David Chrisinger has a powerful piece in the New York Times about the World War Two reporter Ernie Pyle and the transformative and tragic experience he had landing on Omaha Beach seventy-five years ago. His story is not to be missed. Already hard-driving and hard-drinking, Pyle was shattered by D-Day and after a short respite back in the States, returned to the war in the Pacific only to be killed by a Japanese sniper in Okinawa. Of the D-Day landing Pyle wrote, “Here in a jumbled row for mile on mile are soldiers’ packs. Here are socks and shoe polish, sewing kits, Bibles, hand grenades. Here are the letters from home…” In a letter dispatch he wrote, “Sometimes I get so obsessed with the tragedy and horror of seeing dead men that I can hardly stand it. But I guess there’s nothing to do but keep going.” Pyle’s words bring to mind the midrash about the Israelites dancing in victory on the shores of the Red Sea. God upbraids them saying, “The dead Egyptians are my children, too.” Even in victory, there is profound loss, bodies the detritus of brutal battles.

Ernie Pyle

The only American photographer to land on Omaha Beach on D-Day was the Hungarian Jewish refugee Robert Capa, another hard-driving, hard-drinking artist who was traumatized by what he witnessed and who, like Pyle, died in battle in an early skirmish in 1954 in the First Indochina War. In his memoir, Slightly Out of Focus, Capa introduces D-Day in the following way:

“Once a year, usually sometime in April, every self-respecting Jewish family celebrates Passover, the Jewish Thanksgiving. The Passover celebration proceeds along the well-known lines of Thanksgiving, the only difference between the two being that the Passover feast has everything and turkey too, and that the children of the very old world get even more sick than the children of the very new world.

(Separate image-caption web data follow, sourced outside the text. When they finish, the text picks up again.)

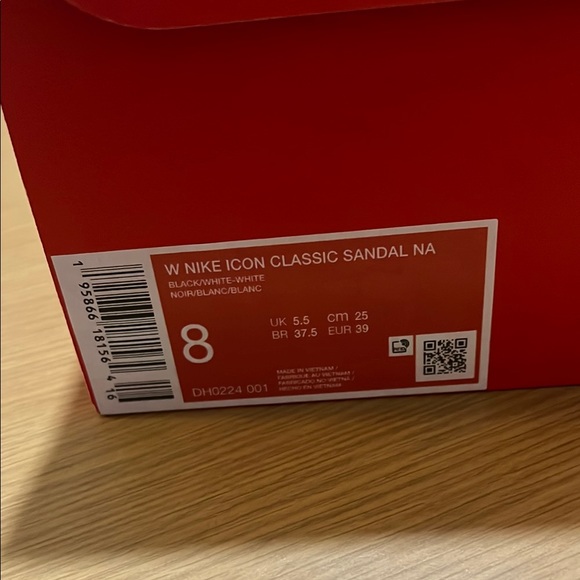 Nike Black Platform Sandals - Picture 4 of 4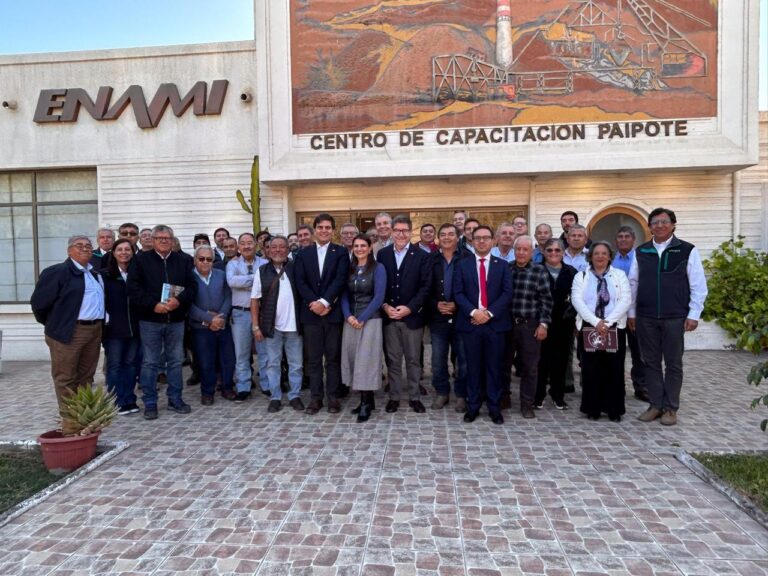 Biministro Mas recoge inquietudes de la pequeña minería para fortalecer el rol de ENAMI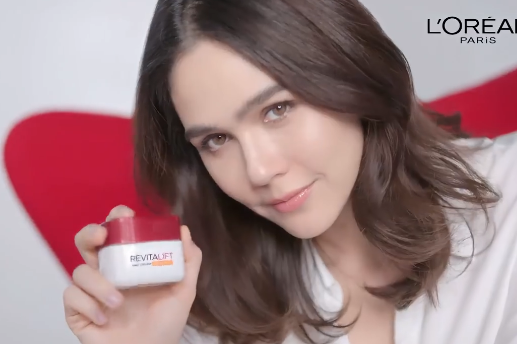 ดูแลผิวหน้าด้วยสกินแคร์ L’Oréal 🌟 เคล็ดลับหน้าอ่อนเยาว์ที่ทุกคนเข้าถึงได้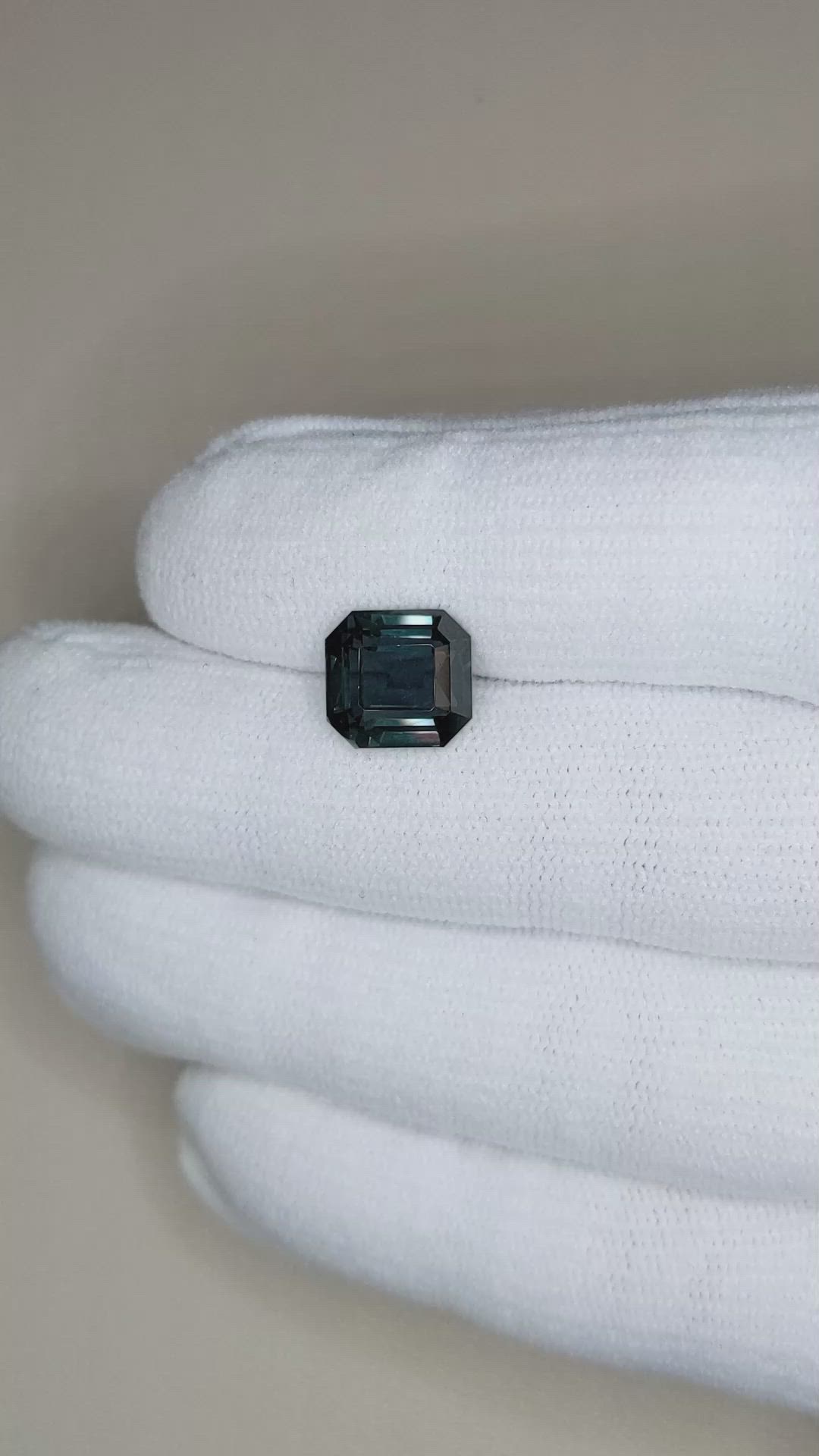 5.08 Ct. Color Change Sapphire from Ceylon (Sri Lanka) Size Video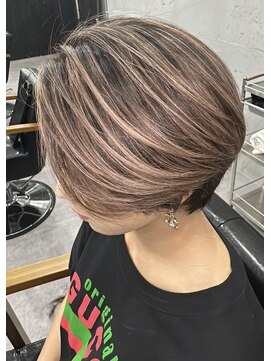 ウェイビー 桜木町店(WAVY) 【WAVY】ハイトーンショート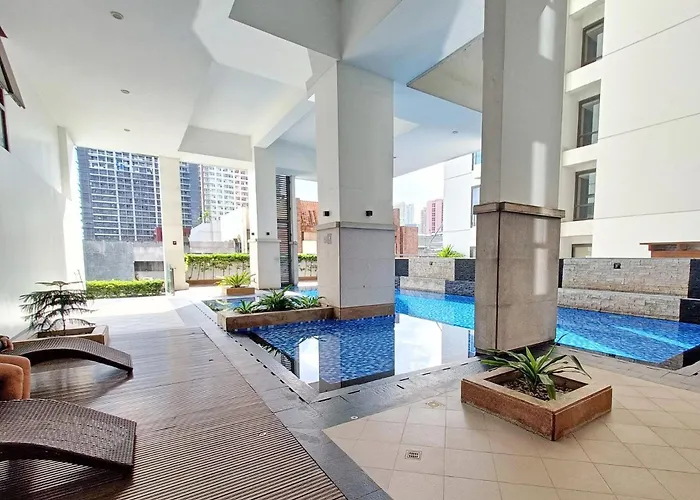 Apartment In Greenbelt With Wifi, Pool And Gym Manila
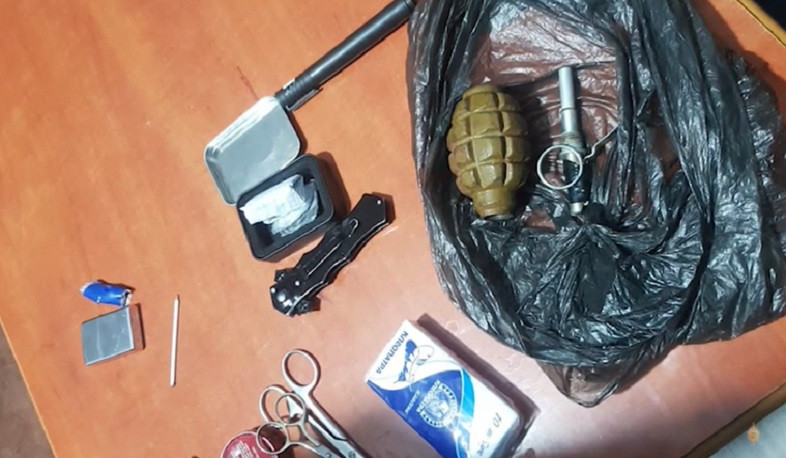 Քրեական ոստիկանության ծառայողները տարբեր տեսակի թմրամիջոցներ ու զինամթերք են հայտնաբերել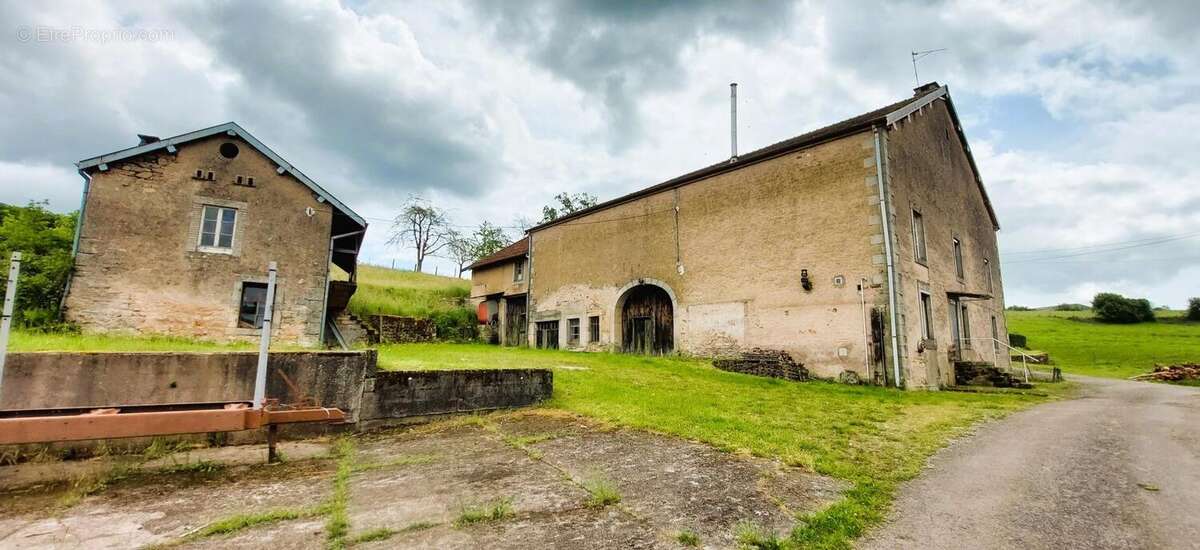 Maison à LUXEUIL-LES-BAINS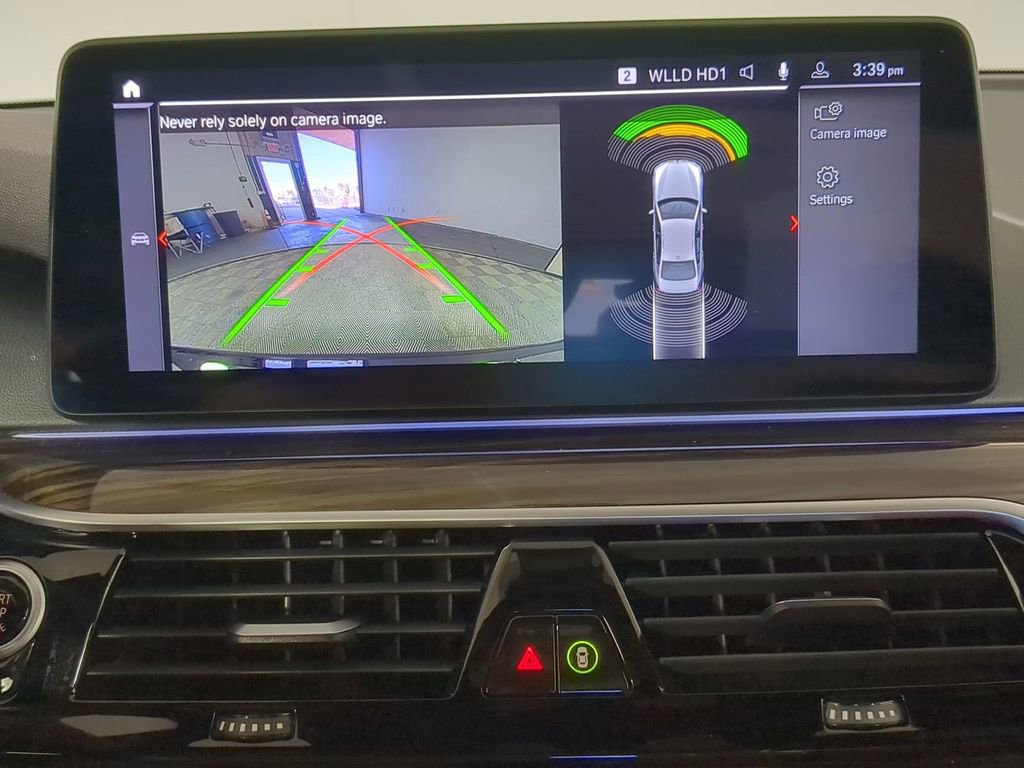 Used 2023 BMW 540i w/ M Sport Package image 26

When dinner is irrevocably over, father loosens his belt and lights a five-cent cigar. At this crucial moment the youngest of the sons—I have been doing it for years—steps up and addresses his father in solemn Hebrew. He asks, ‘What makes this day different from all other days?’ Then father, with great relish and gusto, tells the story of how many thousands of years ago in Egypt, the angel of destruction passed over the firstborn sons of the Chosen People, and how, afterwards, General Moses led them across the Red Sea without getting their feet wet.

The Gentiles and Jews who crossed the English Channel on the sixth of June in the year 1944, landing with very wet feet on the beach in Normandy called “Easy Red,” ought to have—once a year, on that date—a Crossover day. Their children, after finishing a couple of cans of C-rations, would ask their father, ‘What makes this day different from all other days?’”

Robert Capa Photograph, D-Day Landing, June 6, 1944

I believe what Capa does for us here is bring us back into the Passover narrative in his time, universalizing the war against fascism for his generation and reminding us that the ways in which we identify with the broad themes of what it means to be a Jew in our own day has enormous consequences for the world we inhabit and will leave to our children.

The Jewish story, which culminates this week on the gift of revelation and the law on Mount Sinai, forty-nine days after experiencing the trauma of war and liberation from slavery, flows into a greater river of human narrative where, as the saying goes, there is always more that unites us than divides us.

Each community in the family of humanity, when it uses the trowel of memory to turn over the soil of compassion and understanding, lends its words and deeds to a discourse of freedom and justice for all.